Decision #7: Sweet and salty breads are fine, but what else can she add to her recipe list?  Reina hears about a two-night course on wedding cakes, and the photos she sees are impressive. Since she is hosting her friend’s wedding in two months, maybe it is time to try making three-tiered wedding cakes. This means new ingredients, a new metal table, a special mixer and decorating equipment. The first few experiments are a mess, so Reina realizes that she needs some help from an expert baker (we call it technical assistance).

How decisions form a basic business plan. Let’s think about the services Panadería Estrella needs. Here is the rather exhaustive list: marketing, workflow management, training for workers, costing and new product design training for the owner, transport options, diversification of raw material suppliers, credit, information on ovens, and a course on wedding cakes.

Since Reina also has other pressing family demands,  these needs have to be met cheaply, quickly, and conveniently for her business to grow. She may need to register the bakery as a formal business, pay taxes, and feed the health inspector when he visits. Maybe someday Reina will ask her nephew to build her an internet virtual store front, bringing the panadería into the 21st century.

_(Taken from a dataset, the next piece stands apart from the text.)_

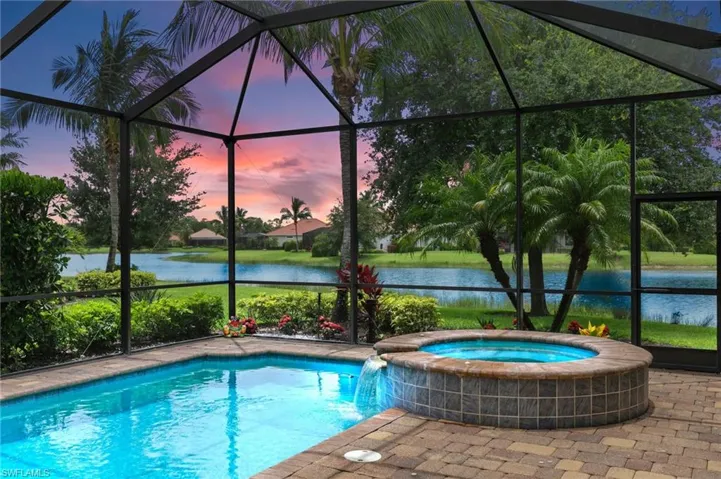 View of pool featuring a lanai, a water view, and a pool with connected hot tub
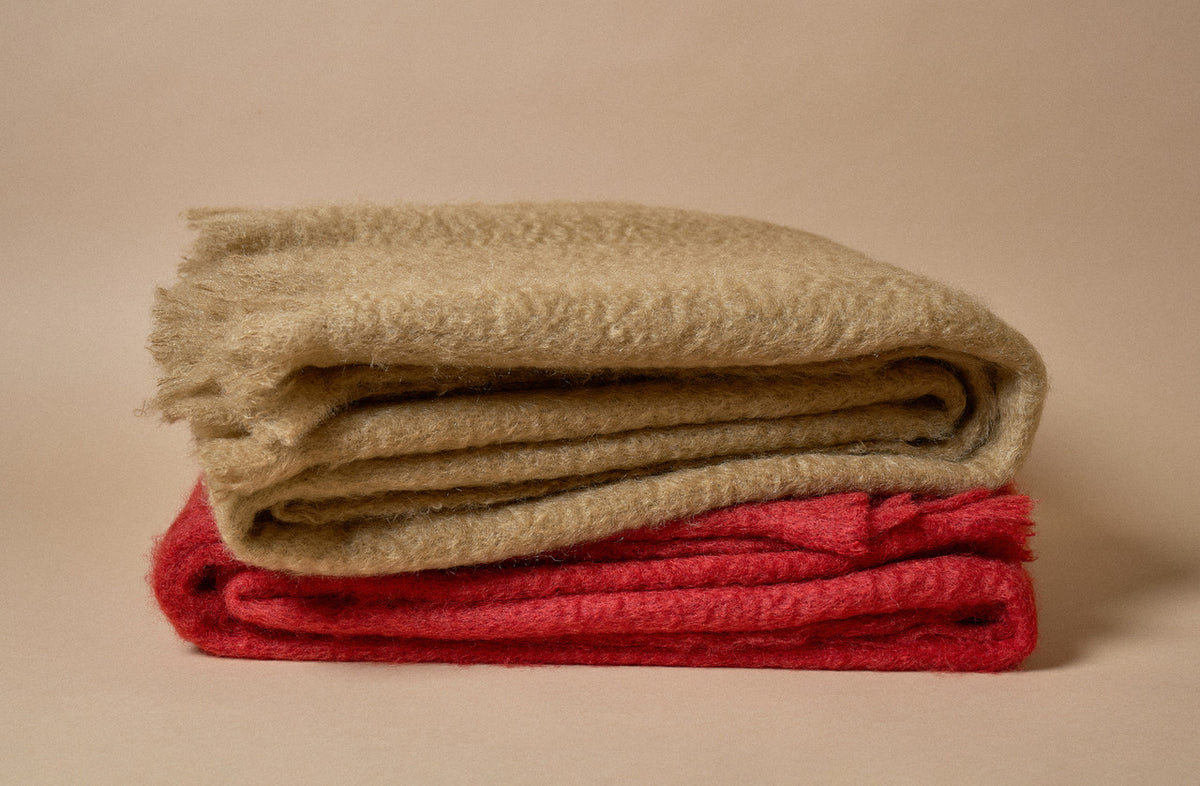 Two folded textured woolen blankets, one in natural beige and one in red, stacked on a warm beige background.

Reina’s most important skill is not baking or selling, it is a clear and realistic long-term business vision about where she wants to take the panadería.

She may also set limits on how far the business should grow,  before it becomes too big, too complex and too indebted for her to manage. This comes from her experience, her local knowledge and her business savvy.

Now back to the reality of the work of the World Bank and other development organizations’ projects. Small business owners like Reina remind us of the importance of the business fundamentals. Their business needs are basic and their time is valuable; sitting in full day theoretical courses won’t cut it. Their businesses grow incrementally, one oven at a time.

They need advice from process engineers, experienced business owners, market information, and costing systems. In other words, their businesses and resources may be small, but their vision and needs are not. They can benefit directly from such specific help from a matching grants facility, a competitiveness agency, a microfinance institution, a government-supported project, or other sources that the World Bank and others support.

Next time we are working with counterparts to cook up a small business development project design, it is useful to keep Reina and the millions of other small business owners in mind.

We just need to mix the right ingredients to offer the right project recipe and create business and learning opportunities.
 
As they say in the baking business, a good baker always rises to the occasion, it is the yeast she can do.